Aims and objectives We conducted this study to look for a possible association between the blood levels of endosulphan (an organochlorine pesticide) in mothers and birth size of their offsprings, in a case-control design. Secondary objectives were to ascertain the transplacental and transmammary transmission of endosulphan by correlating maternal endosulphan levels with those in cord blood and breastmilk, respectively.
Methods This study was conducted in a tertiary hospital in Delhi, India. Participants included 30 term, small-for-gestational-age neonates and their mothers (Cases) and 30 term, appropriate-for-gestational-age neonates and their mothers (Controls). Women with known risk factors for intra-uterine growth retardation i.e., age <18 or > 35 y; malnutrition; chronic illnesses; substance abuse; and third trimester complications, and neonates with congenital malformations and multiple gestation were excluded. Endosulphan levels were estimated in maternal blood, cord blood, and breastmilk using gas-liquid chromatography. Maternal endosulphan levels were correlated with the birth size (neonatal weight, length, head circumference, mid arm circumference and chest circumference) as continuous variable. Linear regression analysis was used to ascertain the transplacental (correlation between maternal blood and cord blood pesticide levels) and transmammary (correlation between maternal blood and breastmilk pesticide levels) transmission of endosulphan.

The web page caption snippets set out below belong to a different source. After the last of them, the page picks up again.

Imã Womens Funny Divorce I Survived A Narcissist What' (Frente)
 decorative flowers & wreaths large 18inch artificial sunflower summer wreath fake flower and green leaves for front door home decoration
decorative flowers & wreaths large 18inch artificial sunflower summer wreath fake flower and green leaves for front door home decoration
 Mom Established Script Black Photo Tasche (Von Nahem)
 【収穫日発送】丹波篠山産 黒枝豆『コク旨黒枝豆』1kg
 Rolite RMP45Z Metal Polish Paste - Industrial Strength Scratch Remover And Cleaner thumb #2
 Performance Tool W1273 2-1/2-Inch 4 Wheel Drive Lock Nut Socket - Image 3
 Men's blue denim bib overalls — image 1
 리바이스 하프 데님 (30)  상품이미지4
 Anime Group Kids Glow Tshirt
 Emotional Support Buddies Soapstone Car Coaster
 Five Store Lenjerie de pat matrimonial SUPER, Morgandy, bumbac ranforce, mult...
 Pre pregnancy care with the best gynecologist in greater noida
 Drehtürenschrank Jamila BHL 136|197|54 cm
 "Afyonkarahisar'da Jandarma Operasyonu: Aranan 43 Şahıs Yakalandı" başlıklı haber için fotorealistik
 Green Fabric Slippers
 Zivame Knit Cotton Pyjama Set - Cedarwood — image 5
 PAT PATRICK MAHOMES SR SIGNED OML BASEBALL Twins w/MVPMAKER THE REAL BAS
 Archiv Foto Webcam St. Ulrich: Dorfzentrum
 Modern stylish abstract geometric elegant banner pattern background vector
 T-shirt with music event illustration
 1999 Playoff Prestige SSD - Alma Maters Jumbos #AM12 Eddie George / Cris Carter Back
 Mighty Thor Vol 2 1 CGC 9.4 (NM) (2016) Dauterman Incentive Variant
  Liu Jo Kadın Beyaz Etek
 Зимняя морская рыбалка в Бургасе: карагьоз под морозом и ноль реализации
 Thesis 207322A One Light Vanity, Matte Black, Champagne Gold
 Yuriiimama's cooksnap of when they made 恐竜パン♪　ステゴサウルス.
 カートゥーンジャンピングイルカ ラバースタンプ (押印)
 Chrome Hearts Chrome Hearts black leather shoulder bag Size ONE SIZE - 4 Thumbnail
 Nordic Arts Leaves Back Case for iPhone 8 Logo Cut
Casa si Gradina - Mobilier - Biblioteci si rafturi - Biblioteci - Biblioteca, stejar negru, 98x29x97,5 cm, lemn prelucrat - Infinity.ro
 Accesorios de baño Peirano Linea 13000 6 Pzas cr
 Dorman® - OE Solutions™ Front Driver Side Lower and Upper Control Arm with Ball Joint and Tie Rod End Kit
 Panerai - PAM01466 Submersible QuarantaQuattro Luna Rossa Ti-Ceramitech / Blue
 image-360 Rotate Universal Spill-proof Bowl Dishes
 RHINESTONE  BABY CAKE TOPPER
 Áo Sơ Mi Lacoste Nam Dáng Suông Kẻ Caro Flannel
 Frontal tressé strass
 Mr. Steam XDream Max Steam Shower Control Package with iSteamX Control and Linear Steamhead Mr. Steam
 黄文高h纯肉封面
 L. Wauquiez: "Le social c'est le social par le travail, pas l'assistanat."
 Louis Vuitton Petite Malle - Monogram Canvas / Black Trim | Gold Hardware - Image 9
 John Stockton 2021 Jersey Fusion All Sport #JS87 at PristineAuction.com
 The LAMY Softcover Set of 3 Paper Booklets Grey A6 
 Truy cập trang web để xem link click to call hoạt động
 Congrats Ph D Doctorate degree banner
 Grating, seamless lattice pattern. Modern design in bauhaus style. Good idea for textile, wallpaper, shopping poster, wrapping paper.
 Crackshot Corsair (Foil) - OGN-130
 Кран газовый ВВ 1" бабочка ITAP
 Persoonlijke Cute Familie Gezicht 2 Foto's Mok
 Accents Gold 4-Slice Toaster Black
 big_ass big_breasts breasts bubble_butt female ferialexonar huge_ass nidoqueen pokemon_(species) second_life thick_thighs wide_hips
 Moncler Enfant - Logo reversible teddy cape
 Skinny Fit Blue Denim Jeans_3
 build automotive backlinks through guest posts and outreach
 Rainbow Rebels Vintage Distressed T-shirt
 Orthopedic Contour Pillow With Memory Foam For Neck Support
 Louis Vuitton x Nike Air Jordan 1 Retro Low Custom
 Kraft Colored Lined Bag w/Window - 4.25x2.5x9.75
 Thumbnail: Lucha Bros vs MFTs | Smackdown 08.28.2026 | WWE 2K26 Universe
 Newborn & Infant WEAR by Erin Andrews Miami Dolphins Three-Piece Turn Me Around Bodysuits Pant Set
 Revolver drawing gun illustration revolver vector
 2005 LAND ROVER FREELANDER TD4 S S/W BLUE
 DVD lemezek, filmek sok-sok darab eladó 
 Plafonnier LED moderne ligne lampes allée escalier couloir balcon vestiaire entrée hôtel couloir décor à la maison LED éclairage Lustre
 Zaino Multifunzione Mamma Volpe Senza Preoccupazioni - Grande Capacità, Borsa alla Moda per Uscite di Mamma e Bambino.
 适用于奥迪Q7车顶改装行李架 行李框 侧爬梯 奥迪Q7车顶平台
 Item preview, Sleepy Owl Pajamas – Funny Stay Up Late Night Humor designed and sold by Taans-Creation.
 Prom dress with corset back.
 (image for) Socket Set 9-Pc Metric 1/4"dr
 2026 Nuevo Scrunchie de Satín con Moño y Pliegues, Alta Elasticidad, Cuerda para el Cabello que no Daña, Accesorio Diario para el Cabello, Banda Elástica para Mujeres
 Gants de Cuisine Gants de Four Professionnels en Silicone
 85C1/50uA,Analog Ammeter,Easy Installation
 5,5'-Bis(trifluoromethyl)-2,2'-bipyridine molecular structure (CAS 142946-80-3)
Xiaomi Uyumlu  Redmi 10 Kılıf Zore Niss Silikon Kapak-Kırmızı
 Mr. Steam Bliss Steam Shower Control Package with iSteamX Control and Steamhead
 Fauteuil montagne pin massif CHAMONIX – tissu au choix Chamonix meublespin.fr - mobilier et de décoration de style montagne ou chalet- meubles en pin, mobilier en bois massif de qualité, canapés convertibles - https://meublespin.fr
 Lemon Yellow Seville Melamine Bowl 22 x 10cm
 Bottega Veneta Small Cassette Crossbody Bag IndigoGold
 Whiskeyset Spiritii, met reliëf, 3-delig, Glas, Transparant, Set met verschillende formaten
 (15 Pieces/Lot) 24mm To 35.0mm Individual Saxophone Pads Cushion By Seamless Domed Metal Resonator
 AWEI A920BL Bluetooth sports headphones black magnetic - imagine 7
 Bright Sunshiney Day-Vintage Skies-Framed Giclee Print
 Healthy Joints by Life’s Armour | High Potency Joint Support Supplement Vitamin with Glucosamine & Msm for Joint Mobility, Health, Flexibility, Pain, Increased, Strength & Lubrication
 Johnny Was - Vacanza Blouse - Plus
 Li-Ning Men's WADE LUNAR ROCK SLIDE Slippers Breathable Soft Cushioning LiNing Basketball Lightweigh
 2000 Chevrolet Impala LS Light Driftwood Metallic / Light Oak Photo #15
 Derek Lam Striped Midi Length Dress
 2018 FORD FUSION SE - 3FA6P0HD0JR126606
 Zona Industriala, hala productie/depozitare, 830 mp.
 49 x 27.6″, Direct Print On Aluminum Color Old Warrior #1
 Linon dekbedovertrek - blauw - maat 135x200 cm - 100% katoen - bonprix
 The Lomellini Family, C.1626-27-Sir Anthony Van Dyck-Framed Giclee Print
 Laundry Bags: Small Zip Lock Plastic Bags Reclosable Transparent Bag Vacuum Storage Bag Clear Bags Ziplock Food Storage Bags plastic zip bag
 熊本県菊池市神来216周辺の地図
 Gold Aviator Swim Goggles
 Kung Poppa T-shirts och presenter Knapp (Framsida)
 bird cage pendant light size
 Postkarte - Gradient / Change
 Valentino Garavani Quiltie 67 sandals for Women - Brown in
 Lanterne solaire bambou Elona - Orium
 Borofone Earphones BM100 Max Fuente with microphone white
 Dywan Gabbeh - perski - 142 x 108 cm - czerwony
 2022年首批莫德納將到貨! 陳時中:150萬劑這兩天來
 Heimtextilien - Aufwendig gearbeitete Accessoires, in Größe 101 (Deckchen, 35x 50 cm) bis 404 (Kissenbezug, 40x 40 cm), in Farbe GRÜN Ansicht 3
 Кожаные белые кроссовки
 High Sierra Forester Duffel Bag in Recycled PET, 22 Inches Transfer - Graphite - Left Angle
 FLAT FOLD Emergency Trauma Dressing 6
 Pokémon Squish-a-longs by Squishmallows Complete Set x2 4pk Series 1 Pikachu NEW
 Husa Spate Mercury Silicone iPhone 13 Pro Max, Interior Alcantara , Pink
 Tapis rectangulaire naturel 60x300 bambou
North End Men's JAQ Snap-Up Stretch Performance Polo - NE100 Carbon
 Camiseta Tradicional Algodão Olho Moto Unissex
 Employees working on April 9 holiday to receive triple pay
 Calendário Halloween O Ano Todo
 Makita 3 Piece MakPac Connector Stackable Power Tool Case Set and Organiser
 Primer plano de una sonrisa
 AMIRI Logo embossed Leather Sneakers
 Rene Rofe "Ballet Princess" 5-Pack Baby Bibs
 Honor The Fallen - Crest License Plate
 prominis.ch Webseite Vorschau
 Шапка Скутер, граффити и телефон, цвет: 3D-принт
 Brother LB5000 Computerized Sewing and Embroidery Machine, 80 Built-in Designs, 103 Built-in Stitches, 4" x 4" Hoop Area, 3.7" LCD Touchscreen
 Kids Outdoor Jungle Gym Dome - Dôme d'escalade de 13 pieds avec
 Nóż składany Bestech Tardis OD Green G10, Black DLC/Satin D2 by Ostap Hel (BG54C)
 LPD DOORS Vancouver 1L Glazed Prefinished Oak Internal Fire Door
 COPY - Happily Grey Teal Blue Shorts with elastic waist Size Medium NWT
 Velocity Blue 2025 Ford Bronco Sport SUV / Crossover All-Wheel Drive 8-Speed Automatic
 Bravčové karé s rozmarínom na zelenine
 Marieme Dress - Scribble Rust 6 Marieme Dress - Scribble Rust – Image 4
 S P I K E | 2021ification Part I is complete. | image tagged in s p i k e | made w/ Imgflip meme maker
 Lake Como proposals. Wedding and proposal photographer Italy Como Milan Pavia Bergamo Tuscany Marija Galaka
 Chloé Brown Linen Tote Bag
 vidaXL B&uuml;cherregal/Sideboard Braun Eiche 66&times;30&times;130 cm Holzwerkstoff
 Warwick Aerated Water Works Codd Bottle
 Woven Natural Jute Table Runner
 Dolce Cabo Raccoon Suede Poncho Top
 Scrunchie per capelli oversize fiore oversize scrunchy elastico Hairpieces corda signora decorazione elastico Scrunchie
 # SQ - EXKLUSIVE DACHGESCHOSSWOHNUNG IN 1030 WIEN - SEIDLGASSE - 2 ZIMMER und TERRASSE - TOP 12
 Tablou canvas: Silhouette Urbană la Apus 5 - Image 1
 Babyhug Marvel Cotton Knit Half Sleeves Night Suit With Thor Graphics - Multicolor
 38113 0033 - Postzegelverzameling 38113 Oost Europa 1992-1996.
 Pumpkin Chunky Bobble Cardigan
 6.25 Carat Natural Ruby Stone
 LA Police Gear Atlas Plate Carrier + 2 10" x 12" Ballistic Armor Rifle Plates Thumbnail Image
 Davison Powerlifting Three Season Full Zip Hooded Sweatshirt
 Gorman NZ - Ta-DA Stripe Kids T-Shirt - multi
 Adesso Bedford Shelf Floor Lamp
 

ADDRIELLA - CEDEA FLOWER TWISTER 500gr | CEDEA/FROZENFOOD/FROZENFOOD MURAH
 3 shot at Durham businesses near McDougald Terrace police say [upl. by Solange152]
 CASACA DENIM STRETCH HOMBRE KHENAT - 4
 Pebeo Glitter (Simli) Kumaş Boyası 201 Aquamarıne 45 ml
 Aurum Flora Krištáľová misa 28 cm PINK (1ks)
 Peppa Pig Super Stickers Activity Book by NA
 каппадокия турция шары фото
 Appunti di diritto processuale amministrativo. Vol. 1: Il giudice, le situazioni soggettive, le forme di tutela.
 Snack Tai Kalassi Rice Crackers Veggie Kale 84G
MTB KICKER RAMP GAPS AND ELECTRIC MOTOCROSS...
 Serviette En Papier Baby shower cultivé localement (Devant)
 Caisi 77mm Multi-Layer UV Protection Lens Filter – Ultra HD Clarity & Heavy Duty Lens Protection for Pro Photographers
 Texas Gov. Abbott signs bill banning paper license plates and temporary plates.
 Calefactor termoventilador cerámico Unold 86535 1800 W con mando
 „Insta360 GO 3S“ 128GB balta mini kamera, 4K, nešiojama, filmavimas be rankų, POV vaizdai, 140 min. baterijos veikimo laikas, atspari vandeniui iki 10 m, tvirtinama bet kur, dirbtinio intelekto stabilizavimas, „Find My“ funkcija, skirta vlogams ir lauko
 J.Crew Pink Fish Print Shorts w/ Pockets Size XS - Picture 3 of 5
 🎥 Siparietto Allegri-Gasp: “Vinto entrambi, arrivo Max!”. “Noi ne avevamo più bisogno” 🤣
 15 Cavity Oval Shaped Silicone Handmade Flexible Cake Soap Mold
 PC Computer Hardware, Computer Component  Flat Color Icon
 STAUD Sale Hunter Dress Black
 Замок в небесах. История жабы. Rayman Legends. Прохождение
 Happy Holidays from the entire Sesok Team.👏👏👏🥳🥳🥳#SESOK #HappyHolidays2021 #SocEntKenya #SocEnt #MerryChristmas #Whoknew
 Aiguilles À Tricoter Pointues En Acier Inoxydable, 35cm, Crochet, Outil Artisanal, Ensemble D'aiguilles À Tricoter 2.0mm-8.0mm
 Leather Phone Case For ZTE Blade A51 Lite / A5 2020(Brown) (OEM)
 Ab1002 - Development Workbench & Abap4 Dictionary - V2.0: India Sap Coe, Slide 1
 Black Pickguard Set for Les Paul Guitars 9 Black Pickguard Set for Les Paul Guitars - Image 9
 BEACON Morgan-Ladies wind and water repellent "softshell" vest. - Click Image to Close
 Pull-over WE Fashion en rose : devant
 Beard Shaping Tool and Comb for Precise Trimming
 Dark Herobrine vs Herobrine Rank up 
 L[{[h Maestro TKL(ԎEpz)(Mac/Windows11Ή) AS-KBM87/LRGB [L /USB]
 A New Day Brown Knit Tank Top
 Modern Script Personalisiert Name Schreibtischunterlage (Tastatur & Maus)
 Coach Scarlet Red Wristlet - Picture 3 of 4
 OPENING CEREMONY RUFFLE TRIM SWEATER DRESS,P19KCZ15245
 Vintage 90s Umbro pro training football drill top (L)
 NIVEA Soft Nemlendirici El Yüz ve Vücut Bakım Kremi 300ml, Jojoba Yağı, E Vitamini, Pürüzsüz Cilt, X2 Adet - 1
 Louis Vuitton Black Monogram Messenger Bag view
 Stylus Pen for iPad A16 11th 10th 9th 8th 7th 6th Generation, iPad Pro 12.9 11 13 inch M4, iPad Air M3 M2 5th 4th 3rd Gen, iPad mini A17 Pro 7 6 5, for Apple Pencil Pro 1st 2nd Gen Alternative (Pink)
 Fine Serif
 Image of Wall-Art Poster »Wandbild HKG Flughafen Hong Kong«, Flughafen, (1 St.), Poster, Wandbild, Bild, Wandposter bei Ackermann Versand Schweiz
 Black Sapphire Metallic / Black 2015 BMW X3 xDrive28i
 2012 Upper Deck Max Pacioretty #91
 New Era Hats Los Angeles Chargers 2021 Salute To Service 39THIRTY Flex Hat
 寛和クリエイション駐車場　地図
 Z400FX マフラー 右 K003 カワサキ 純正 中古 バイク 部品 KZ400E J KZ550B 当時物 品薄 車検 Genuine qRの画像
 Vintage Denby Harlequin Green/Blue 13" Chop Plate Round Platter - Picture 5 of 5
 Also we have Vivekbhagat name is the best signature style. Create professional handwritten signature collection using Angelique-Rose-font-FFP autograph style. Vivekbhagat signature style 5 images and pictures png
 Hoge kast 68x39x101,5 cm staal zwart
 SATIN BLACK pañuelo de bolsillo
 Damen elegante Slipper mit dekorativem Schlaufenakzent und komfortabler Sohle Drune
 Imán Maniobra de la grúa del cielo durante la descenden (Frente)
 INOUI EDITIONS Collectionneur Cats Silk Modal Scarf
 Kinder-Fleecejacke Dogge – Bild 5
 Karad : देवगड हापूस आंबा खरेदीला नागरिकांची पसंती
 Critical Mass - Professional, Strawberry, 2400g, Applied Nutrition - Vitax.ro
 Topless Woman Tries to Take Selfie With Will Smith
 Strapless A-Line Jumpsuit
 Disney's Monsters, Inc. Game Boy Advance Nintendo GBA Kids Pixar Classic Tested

Results Mothers in both groups had similar demographic characteristics while the infants in the case group were significantly smaller than those in the control group (Table 1). The mean (SD) concentration (ng/mL) of endosulphan in the maternal blood; cord blood; and breastmilk samples in both the groups were comparable (P > 0.05) (Table 2). No association between endosulphan levels in maternal blood, cord blood and breastmilk with the birth size was noted (Table 3). There was significant transplacental transfer of endosulphan (R=0.92, P < 0.001). The endosulphan levels in breastmilk were much higher than those in maternal blood. However, the correlation between maternal blood and breastmilk endosulphan levels was statistically insignificant (R=–0.255, P = 0.05).
Conclusion Endosulphan residues in mothers were not associated with the birth size of the newborns in our population. This may have been due to low exposure to endosulphan of populations residing in the Delhi region. Endosulphan residues were selectively partitioned in breastmilk thereby posing a risk of continued transmission to infants.